WBC・WBOスーパーバンタム級タイトルマッチの前日計量をパスしフェイスオフを行う王者フルトン(左)と挑戦者の井上(撮影・野上伸悟)

プロボクシング前4団体統一バンタム級王者でWBC、WBO世界スーパーバンタム級1位の井上尚弥(30=大橋)が25日、東京・有明アリーナでWBC、WBO世界同級王者スティーブン・フルトン(29=米国)に挑戦する。

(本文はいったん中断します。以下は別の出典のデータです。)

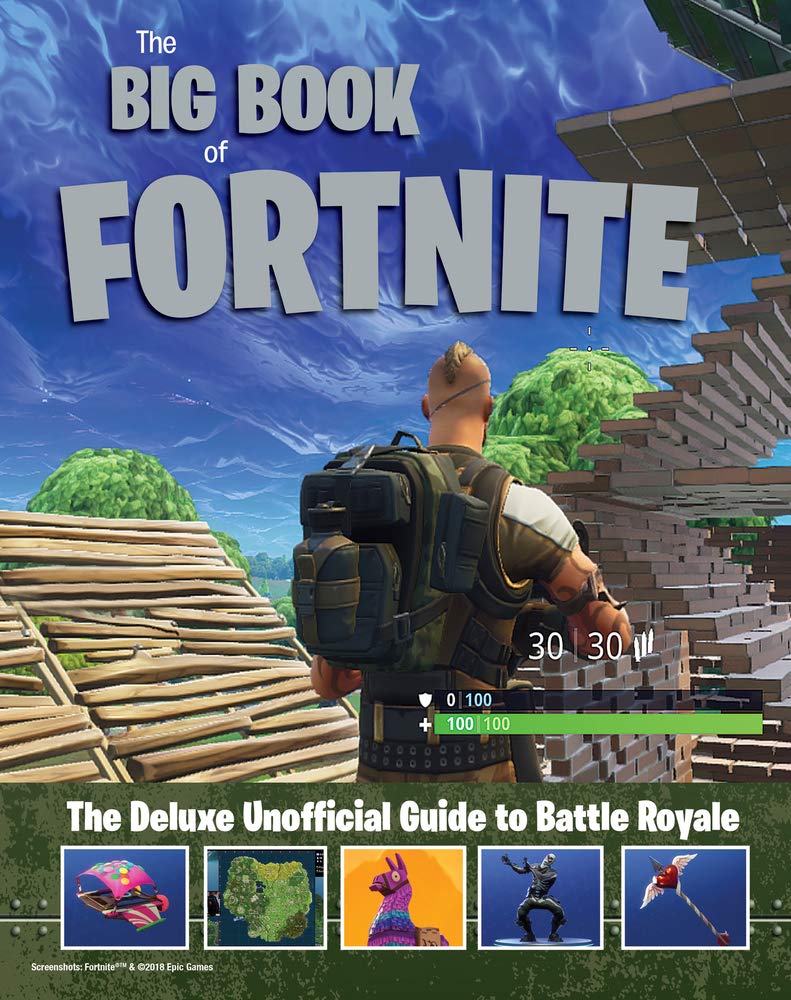 The Big Book of Fortnite: The Deluxe Unofficial Guide to Battle Royale Hardcover – Illustrated, 9 October 2018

24日に横浜市で前日計量が行われ、同級初戦を迎える挑戦者の井上はリミット(55・3キロ)よりも100グラム少ない55・2キロ、一方の統一王者フルトンはリミットでパスした。両者は初めて目を合わせてフェースオフ。関係者の制止が入るまで約30秒間、にらみ合った。以下は井上の一問一答。

--計量を終えた

井上 燃えてきましたね。

--にらみ合いは長かった。

井上 腹立った。顔が。視線の送り方ってあるじゃないですか。ちょっと上からきている感じだったので、上等だよと。

--久しぶりの感情

井上 そんなに自分は表情に出すタイプじゃないから。メンタル的にもよく仕上がってるなと。いい試合になりそう

--(減量苦が伝えられていた)フルトンも1発クリアした

井上 そんなにきつそうに見えなかった。体はあまり見ていないので、これから写真とかを見てみたい。

--2日前の会見ではフルトンのトレーナーが(井上の)バンテージの巻き方に注文をつけた。

井上 ローカルルールを分かっていないんでしょうね。自分も米国カリフォルニアで試合をしたときは、素手にテープ巻いてはいけないと言われて、バンテージを巻いてからテープ巻いた。その地域のルールに則ってやっている。

--怒った井上は強い

井上 打ち合ってくれたら爆発的なものが出せる。でも明日は技術戦になると思う。感情は抑えて、頭を使って戦いたい。

--仕上がりは

井上 120%。1階級上げたからってたるんだ体じゃなくて、しっかりと筋肉をつくりあげてスーパーバンタム級の体つくってきた。ここからリカバリーして全然違う体を見せられると思う。たかが1・8だけど、これがどれだけ大きいか明日の自分の動きで分かるだろうし、1・8キロの壁がどんなものかも明日の試合で証明できる。